Comprender la “sabiduría de la incertidumbre” (Milan Kundera) es comprender la incertidumbre de la vida como una simple certidumbre verbal: conjetural y paradójica. Por consiguiente es en la inmanencia de las palabras que se traduce la trascendencia del ser como ilusión de eternidad del verbo, y es cuando irrumpe lo inesperado.

Para mí, escribir es convertir un espacio de palabras en una cárcel de irrealidades, como un acto fallido o como el quejido de las frases incapaces de dar vida a la vida misma.

¿Cómo poder pintar, retratar los sentimientos humanos? ¿Cómo poder describirlos…, escribirlos…, darles una forma inteligible? ¿Cómo pintar o describir algo que está en constante movimiento, como lo hace la música? Sí. ¿Cómo describir el mismo devenir, que es también otra paradoja?

Siempre intento acercarme a la realidad que hay detrás de la máscara de mis personajes, pero ellos no tienen la culpa de ser como son.  

El devenir deviene. El arte es impotente ante el devenir de la vida. Simplemente es incapaz de hacerlo. De pronto, la súbita e indescriptible irrupción de lo inesperado puede, inadvertidamente, resolverlo todo.

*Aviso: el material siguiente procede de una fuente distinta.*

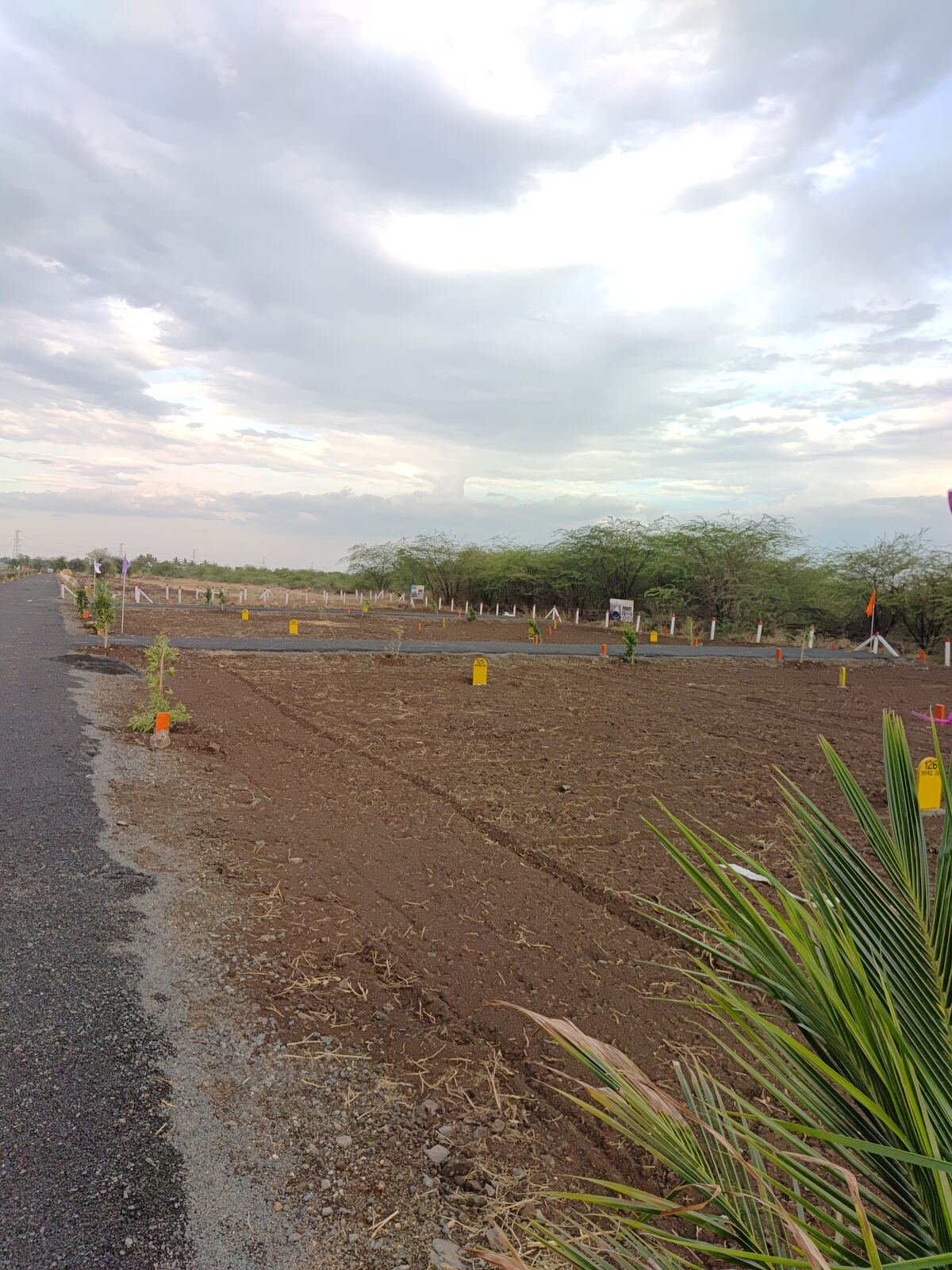 Premium residential plots with wide roads at Ghanoba Developers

Y ahí está la imaginación, la que intenta abrazar lo inaprensible, la que intenta contener lo evanescente, como unas manos ansiosas queriendo retener el agua de un río en sus palmas y ver con asombro cómo ésta se escurre por entre los dedos. La imaginación son estas mismas manos que, en vano, anhelan contener en sus palmas un poco de esa evanescencia, y escribir es imaginar e imaginar es, siempre, una aproximación, un intento, un esbozo, una espera en el umbral de una verdad que nunca llega.

***

Siempre intento acercarme a la realidad que hay detrás de la máscara de mis personajes, pero ellos no tienen la culpa de ser como son. Viven sus experiencias sin saber realmente cómo van a culminar, viviendo, cada uno, en su “Tierra de ningún lugar” que es donde habitan con sus fantasmas, con sus sueños, con su desconcierto, envueltos en su perplejidad, tomados por su ubiquidad, esa capacidad de estar en múltiples espacios de tiempo y, también contradictoriamente, en ninguno.

Quiero creer que ellos son simplemente otro invento arbitrario de las palabras, un esbozo equivocado de la lucidez de un ignorante, unos personajes más del inefable libro de la vida.

Pensándolo bien, quizás todo se reduce a tener que elegir, como lo propuso una vez Jorge Semprún, entre la escritura o la vida, siendo ambas arbitrarias creaciones del capricho de los espacios oníricos del tiempo en el que transitamos.

“¿Acaso no depende todo de la interpretación que le damos al silencio que nos rodea?”, nos preguntaría Lawrence Durrell.

Quiero creer que sí, porque la literatura es ficción, es poesía, es pensamiento y, sobre todo, es lenguaje, es decir, como lo es también la vida, un gran silencio.